YOUR ASSIGNMENT:
Without pictures, repeat exactly the lines from the one containing "Папка для акварели" through the end of the entries.

(Stored data entries)

------------------------------------------------------------------------

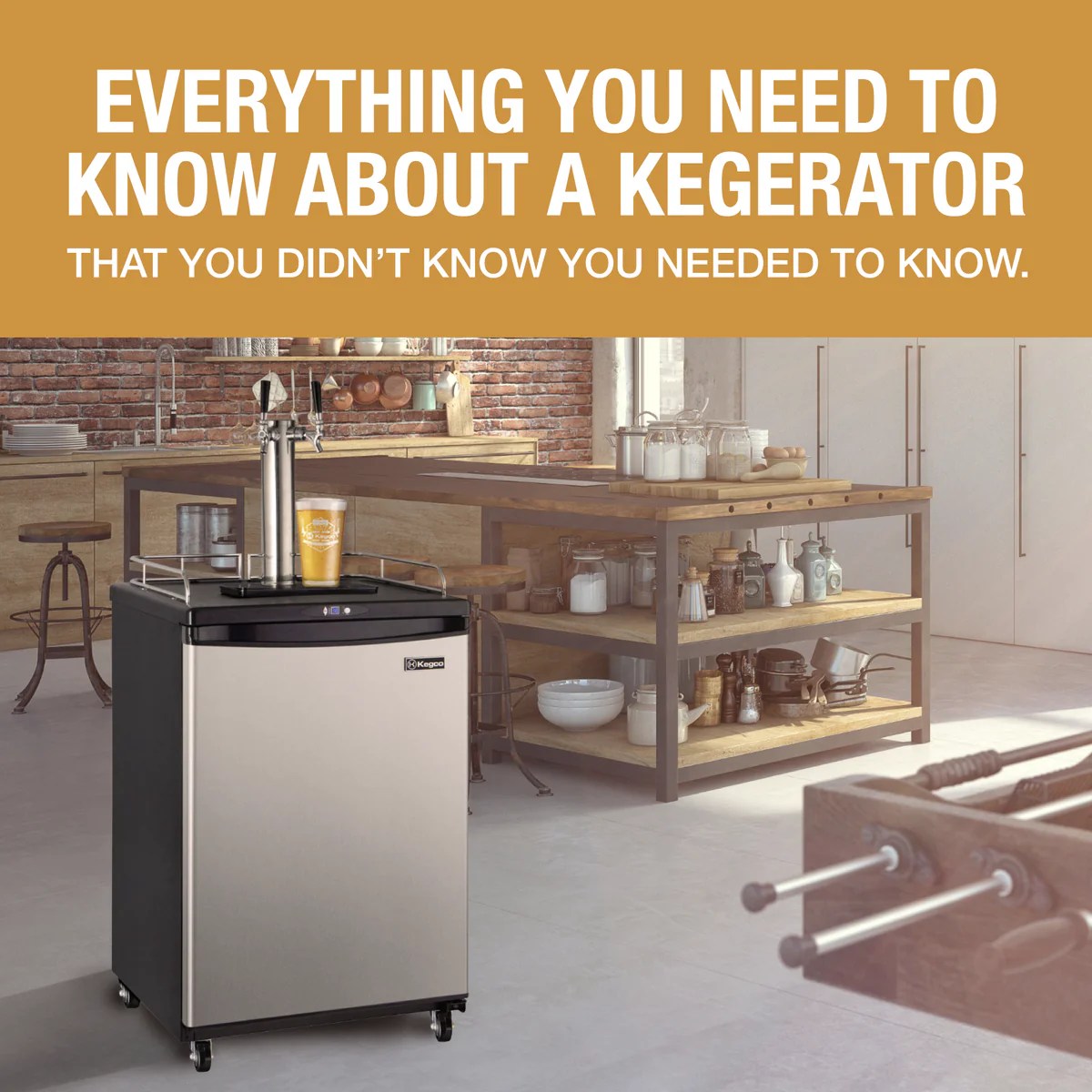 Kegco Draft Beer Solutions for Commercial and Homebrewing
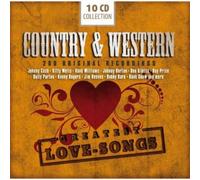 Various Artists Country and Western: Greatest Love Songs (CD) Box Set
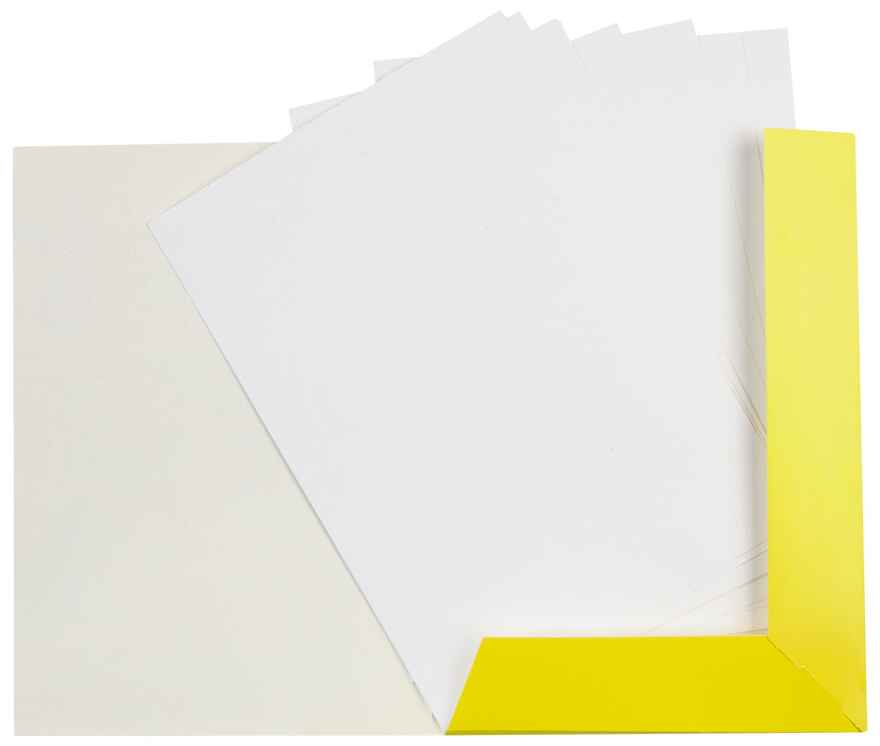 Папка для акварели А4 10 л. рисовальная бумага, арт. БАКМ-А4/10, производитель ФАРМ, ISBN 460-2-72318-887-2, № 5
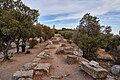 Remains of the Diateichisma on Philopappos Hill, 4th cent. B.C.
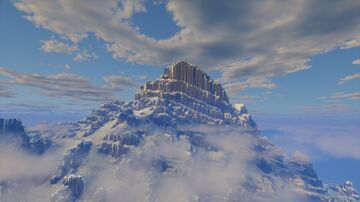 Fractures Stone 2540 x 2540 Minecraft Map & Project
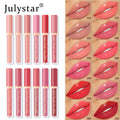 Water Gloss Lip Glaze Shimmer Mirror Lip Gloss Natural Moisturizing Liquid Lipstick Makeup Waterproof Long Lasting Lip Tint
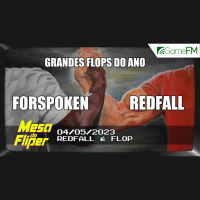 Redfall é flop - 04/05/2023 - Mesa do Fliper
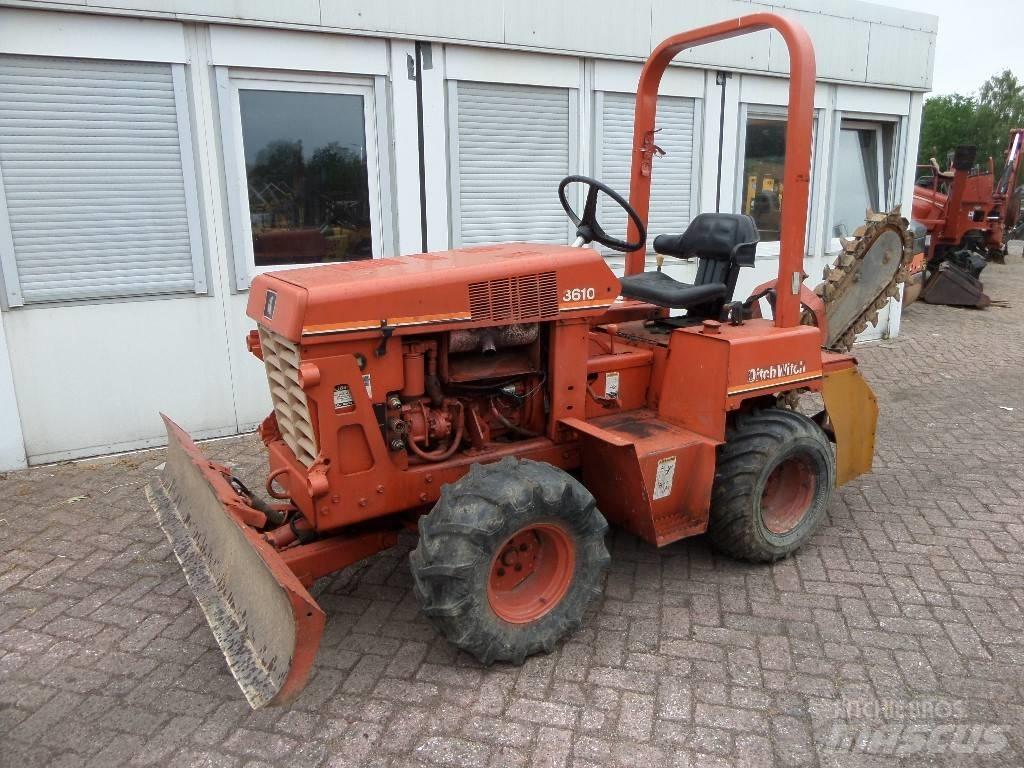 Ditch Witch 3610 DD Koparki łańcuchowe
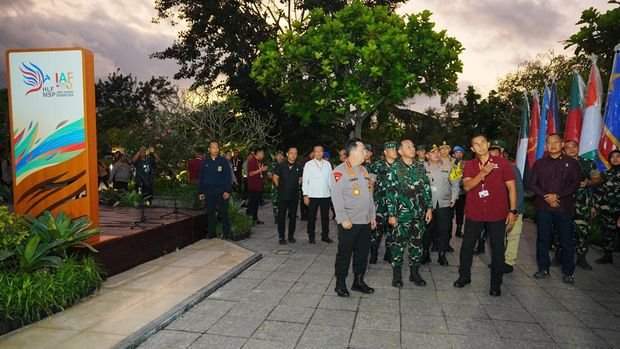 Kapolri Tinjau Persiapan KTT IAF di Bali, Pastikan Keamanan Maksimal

------------------------------------------------------------------------

RESPONSE AREA:
 Папка для акварели А4 10 л. рисовальная бумага, арт. БАКМ-А4/10, производитель ФАРМ, ISBN 460-2-72318-887-2, № 5
 Remains of the Diateichisma on Philopappos Hill, 4th cent. B.C.
 Fractures Stone 2540 x 2540 Minecraft Map & Project
 Water Gloss Lip Glaze Shimmer Mirror Lip Gloss Natural Moisturizing Liquid Lipstick Makeup Waterproof Long Lasting Lip Tint
 Redfall é flop - 04/05/2023 - Mesa do Fliper
 Ditch Witch 3610 DD Koparki łańcuchowe
 Kapolri Tinjau Persiapan KTT IAF di Bali, Pastikan Keamanan Maksimal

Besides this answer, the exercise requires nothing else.